> **SOURCE MATERIAL**
↓↓↓
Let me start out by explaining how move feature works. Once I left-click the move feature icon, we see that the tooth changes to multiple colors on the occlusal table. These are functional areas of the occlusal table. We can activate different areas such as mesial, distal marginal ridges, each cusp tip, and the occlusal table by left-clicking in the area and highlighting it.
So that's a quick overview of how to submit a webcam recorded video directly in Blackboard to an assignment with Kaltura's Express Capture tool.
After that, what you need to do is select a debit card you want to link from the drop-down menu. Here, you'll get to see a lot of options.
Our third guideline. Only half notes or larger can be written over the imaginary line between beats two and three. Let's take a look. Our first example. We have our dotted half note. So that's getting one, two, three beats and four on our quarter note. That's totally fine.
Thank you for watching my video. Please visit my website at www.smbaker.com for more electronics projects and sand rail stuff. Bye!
↑↑↑
↓↓↓
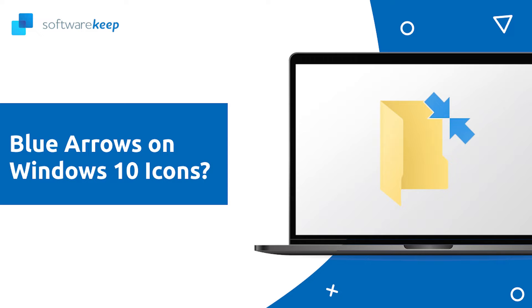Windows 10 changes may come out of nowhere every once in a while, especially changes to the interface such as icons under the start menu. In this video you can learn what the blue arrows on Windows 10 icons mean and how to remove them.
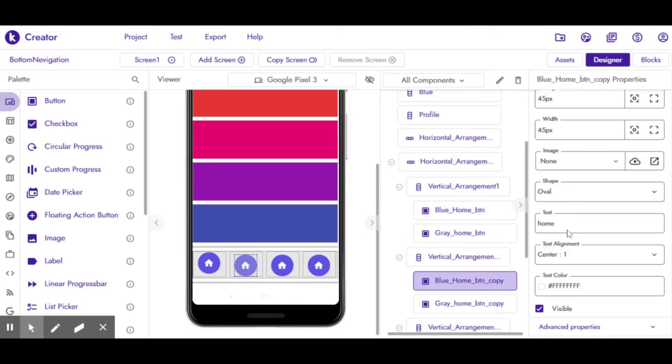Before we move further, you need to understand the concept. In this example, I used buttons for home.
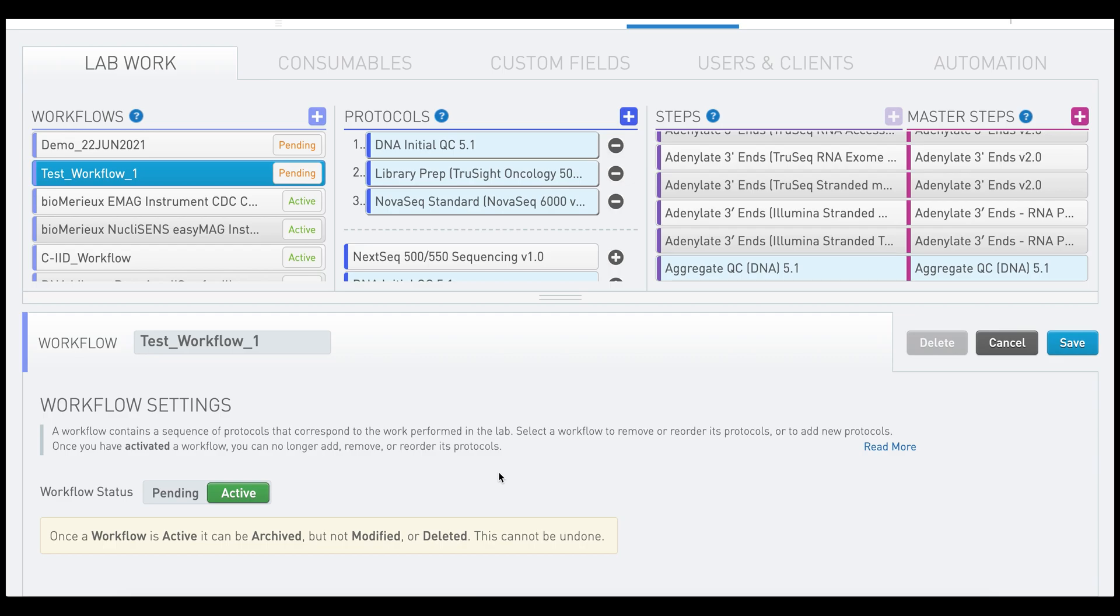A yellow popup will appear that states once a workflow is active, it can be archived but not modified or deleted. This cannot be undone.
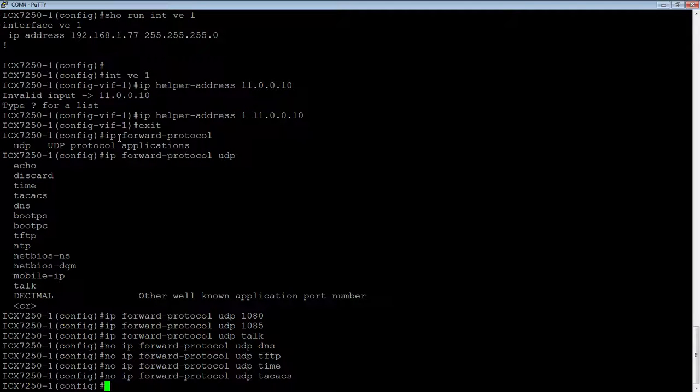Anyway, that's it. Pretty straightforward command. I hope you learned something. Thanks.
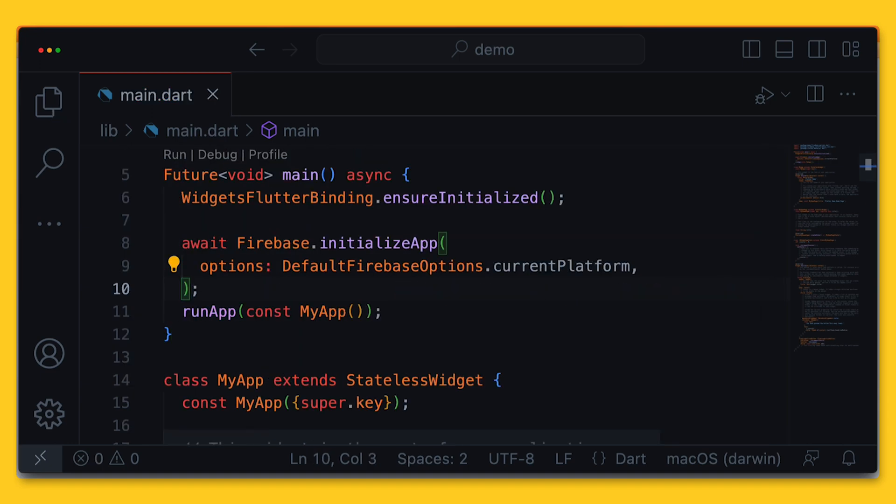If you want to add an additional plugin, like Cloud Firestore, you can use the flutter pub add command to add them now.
↑↑↑
↓↓↓
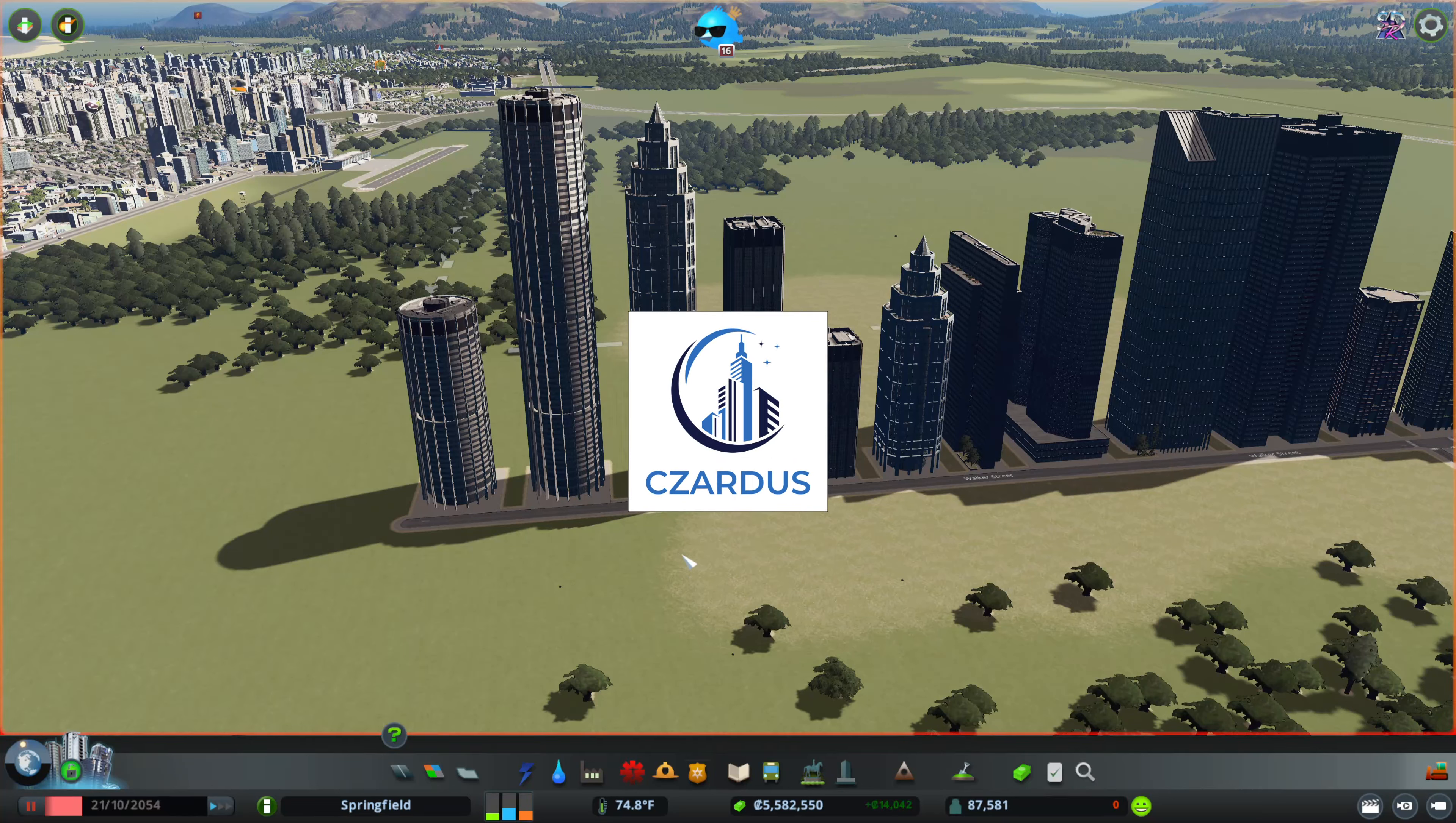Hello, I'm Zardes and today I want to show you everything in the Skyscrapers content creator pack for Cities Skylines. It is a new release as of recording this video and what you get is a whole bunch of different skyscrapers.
↑↑↑
> **YOUR GOAL**
Above are the records; return the lines in them from the one with "A yellow popup" to the one with "Anyway, that's it.", inclusive, exactly and without images.

> **TASK ANSWER**
A yellow popup will appear that states once a workflow is active, it can be archived but not modified or deleted. This cannot be undone.
Anyway, that's it. Pretty straightforward command. I hope you learned something. Thanks.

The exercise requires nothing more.